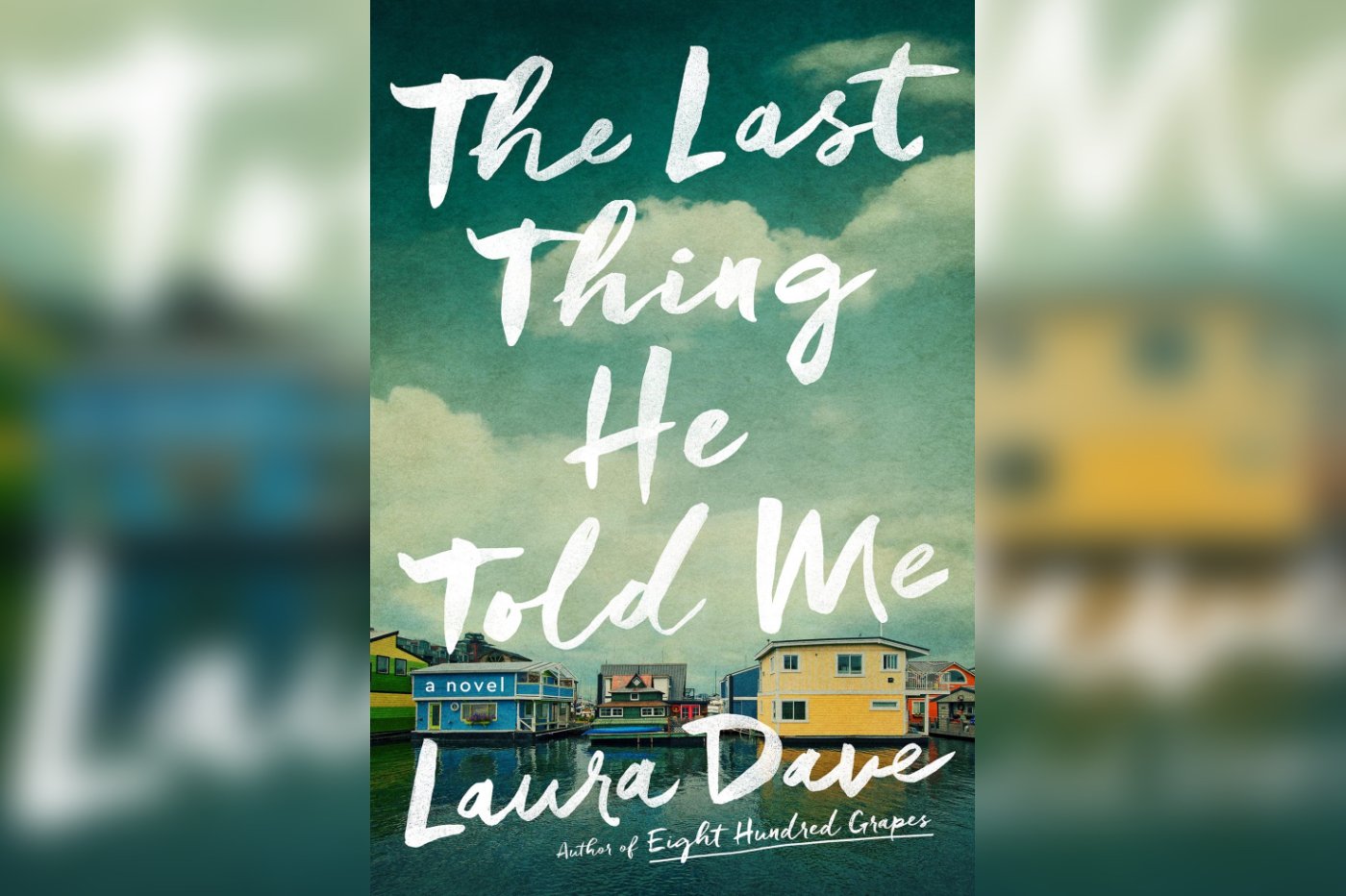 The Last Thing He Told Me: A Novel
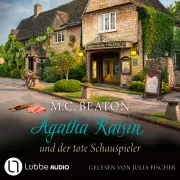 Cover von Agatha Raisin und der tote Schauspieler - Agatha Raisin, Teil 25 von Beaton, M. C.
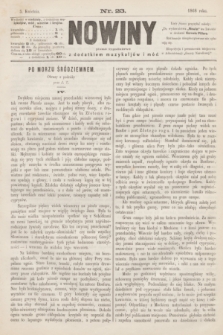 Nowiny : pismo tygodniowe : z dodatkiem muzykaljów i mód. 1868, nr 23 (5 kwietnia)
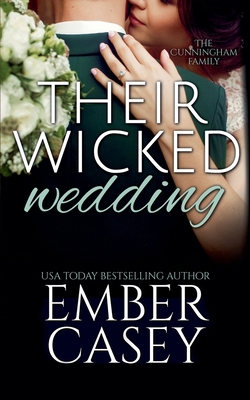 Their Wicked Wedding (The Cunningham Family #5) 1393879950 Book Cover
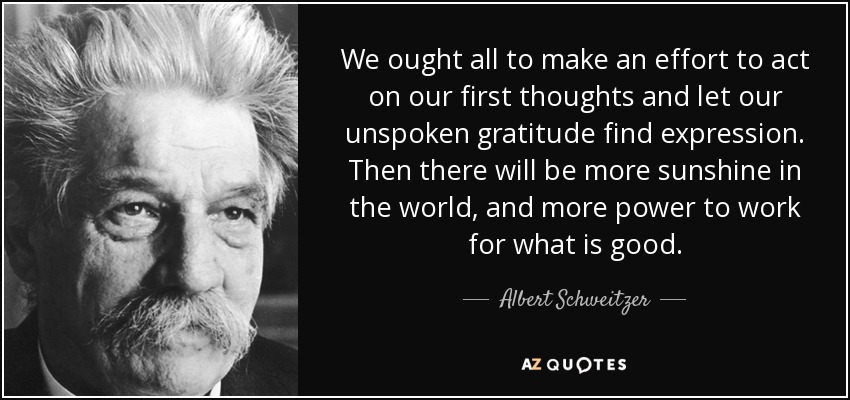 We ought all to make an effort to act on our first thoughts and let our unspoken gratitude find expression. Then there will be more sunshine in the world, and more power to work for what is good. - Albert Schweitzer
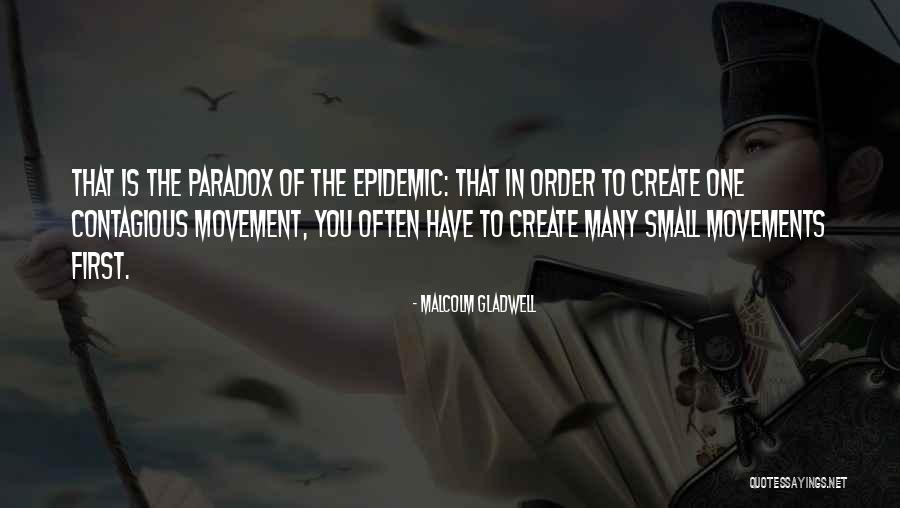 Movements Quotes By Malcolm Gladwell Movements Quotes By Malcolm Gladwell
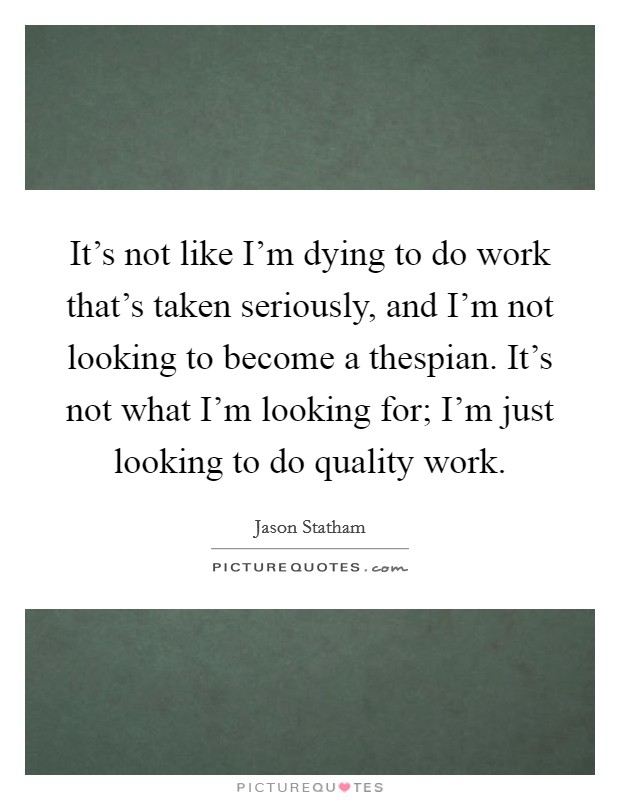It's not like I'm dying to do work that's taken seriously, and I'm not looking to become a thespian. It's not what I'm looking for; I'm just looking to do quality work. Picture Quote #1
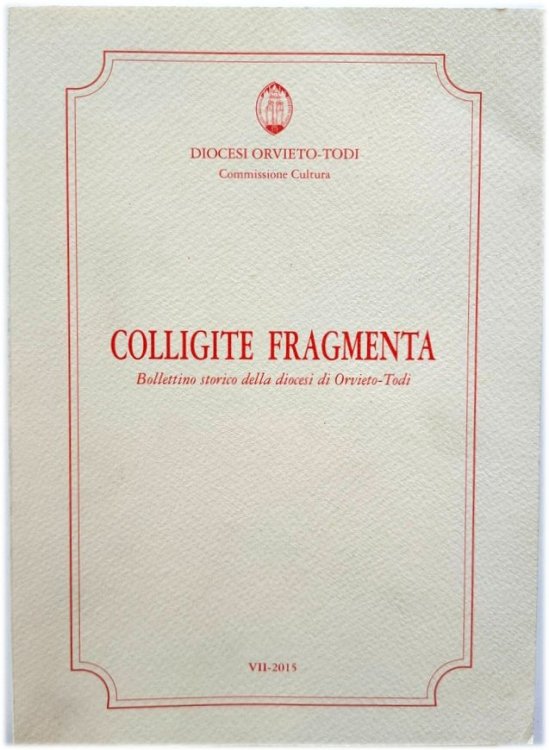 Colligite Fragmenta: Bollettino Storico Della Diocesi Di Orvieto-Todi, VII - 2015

--------

_Exercise instructions_: Repeat the material exactly. Any picture in it should be dropped.

_Task solution_:
 The Last Thing He Told Me: A Novel
 Cover von Agatha Raisin und der tote Schauspieler - Agatha Raisin, Teil 25 von Beaton, M. C.
 Nowiny : pismo tygodniowe : z dodatkiem muzykaljów i mód. 1868, nr 23 (5 kwietnia)
 Their Wicked Wedding (The Cunningham Family #5) 1393879950 Book Cover
 We ought all to make an effort to act on our first thoughts and let our unspoken gratitude find expression. Then there will be more sunshine in the world, and more power to work for what is good. - Albert Schweitzer
 Movements Quotes By Malcolm Gladwell Movements Quotes By Malcolm Gladwell
It's not like I'm dying to do work that's taken seriously, and I'm not looking to become a thespian. It's not what I'm looking for; I'm just looking to do quality work. Picture Quote #1
 Colligite Fragmenta: Bollettino Storico Della Diocesi Di Orvieto-Todi, VII - 2015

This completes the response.